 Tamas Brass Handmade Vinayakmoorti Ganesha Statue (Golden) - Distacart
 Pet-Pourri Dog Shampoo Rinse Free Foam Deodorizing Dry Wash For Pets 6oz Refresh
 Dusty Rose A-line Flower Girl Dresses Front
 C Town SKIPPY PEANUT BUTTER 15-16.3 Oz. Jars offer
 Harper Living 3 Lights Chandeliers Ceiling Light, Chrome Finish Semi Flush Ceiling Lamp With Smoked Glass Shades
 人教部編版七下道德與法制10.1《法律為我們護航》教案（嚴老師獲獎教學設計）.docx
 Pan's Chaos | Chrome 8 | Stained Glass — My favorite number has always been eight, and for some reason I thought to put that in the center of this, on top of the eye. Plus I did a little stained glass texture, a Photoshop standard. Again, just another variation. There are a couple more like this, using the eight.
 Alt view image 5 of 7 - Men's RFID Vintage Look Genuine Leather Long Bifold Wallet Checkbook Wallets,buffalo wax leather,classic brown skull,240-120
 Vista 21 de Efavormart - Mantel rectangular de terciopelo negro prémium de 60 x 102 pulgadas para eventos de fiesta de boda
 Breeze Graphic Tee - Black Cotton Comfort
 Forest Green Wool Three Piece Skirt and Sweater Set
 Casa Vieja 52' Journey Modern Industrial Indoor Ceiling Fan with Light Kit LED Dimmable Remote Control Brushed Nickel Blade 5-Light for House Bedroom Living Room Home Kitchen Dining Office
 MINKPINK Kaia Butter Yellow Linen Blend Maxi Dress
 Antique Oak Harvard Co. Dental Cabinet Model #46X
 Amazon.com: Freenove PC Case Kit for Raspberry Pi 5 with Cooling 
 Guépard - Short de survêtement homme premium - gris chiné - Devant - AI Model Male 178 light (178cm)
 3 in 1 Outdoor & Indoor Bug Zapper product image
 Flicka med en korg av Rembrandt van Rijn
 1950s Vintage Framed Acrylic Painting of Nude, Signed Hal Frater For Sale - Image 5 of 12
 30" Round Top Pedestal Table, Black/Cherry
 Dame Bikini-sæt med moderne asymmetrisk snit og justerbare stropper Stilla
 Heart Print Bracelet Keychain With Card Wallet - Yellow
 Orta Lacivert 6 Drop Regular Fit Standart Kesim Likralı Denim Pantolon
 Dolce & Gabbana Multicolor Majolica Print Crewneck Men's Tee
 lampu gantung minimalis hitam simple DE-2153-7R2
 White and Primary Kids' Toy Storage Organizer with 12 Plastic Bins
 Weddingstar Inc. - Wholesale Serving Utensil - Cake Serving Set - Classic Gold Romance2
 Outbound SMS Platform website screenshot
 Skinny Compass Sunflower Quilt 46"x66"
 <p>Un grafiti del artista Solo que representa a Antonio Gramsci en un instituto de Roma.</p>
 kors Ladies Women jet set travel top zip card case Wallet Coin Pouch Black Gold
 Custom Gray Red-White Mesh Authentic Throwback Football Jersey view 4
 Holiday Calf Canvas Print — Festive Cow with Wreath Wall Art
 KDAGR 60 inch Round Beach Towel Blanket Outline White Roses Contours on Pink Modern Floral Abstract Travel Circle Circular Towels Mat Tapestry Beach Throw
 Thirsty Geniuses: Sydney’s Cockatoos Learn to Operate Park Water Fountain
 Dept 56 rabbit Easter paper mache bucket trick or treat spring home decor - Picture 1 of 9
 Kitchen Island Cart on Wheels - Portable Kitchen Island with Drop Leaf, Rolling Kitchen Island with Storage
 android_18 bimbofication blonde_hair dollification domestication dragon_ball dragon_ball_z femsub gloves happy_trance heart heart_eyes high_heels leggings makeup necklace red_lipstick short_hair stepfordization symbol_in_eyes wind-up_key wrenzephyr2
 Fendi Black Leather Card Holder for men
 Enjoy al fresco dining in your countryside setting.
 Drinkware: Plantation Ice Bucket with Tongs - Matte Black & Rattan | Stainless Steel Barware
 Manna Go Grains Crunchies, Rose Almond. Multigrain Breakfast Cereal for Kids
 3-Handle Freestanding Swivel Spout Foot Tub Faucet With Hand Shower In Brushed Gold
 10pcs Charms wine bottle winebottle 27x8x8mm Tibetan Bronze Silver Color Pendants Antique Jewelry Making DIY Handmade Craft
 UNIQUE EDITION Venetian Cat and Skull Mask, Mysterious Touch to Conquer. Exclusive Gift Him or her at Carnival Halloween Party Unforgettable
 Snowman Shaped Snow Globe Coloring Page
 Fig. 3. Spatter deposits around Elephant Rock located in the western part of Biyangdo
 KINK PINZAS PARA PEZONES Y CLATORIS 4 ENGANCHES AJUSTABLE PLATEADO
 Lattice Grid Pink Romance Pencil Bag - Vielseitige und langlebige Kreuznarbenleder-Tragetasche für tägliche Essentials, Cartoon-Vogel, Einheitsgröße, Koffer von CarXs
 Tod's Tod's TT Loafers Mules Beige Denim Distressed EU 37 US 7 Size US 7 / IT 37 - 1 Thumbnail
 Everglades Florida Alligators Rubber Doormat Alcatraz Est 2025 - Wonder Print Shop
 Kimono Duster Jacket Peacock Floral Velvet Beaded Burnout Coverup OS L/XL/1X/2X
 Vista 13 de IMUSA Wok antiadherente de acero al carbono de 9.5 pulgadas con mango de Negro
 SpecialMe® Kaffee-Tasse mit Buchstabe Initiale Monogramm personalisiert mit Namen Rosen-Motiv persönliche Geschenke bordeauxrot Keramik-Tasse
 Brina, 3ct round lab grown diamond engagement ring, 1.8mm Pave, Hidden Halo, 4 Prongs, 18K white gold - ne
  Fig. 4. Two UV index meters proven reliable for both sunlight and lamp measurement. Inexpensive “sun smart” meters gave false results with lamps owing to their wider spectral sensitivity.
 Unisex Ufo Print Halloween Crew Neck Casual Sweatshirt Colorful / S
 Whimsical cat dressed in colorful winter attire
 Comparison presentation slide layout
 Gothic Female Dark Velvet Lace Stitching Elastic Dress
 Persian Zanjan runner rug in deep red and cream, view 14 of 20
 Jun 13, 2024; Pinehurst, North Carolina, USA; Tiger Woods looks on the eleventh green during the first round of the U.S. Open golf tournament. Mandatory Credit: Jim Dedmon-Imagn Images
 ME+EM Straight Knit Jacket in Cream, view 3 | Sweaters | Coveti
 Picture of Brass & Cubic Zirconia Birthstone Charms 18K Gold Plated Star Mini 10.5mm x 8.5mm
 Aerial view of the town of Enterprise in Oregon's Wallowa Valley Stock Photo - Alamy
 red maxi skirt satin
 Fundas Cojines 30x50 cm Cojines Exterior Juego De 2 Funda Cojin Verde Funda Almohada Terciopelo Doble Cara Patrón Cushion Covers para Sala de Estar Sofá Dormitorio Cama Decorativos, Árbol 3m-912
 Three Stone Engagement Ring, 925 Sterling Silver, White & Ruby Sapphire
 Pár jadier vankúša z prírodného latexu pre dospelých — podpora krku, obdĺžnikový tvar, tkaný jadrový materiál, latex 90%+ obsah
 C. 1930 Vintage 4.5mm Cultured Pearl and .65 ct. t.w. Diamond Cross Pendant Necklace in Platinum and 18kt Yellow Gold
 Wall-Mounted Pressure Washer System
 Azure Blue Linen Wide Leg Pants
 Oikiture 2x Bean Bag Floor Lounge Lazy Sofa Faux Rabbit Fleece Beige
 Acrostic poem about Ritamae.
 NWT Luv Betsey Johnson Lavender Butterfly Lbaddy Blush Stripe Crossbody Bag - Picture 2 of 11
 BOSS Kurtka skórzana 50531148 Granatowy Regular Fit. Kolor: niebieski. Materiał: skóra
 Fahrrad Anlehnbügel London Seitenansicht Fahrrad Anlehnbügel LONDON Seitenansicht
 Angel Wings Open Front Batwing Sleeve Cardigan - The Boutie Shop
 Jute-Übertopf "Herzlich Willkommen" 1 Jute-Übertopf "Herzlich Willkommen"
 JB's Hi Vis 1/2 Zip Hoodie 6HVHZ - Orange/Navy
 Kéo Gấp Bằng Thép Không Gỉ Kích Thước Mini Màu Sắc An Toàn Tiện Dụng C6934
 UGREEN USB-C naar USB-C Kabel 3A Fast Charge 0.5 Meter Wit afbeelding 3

■ Brief ■
Return exactly the leading lines of the listing, stopping after the line in which "人教部編版七下道德與法制10" occurs.

■ The completed task ■
 Tamas Brass Handmade Vinayakmoorti Ganesha Statue (Golden) - Distacart
 Pet-Pourri Dog Shampoo Rinse Free Foam Deodorizing Dry Wash For Pets 6oz Refresh
 Dusty Rose A-line Flower Girl Dresses Front
 C Town SKIPPY PEANUT BUTTER 15-16.3 Oz. Jars offer
 Harper Living 3 Lights Chandeliers Ceiling Light, Chrome Finish Semi Flush Ceiling Lamp With Smoked Glass Shades
 人教部編版七下道德與法制10.1《法律為我們護航》教案（嚴老師獲獎教學設計）.docx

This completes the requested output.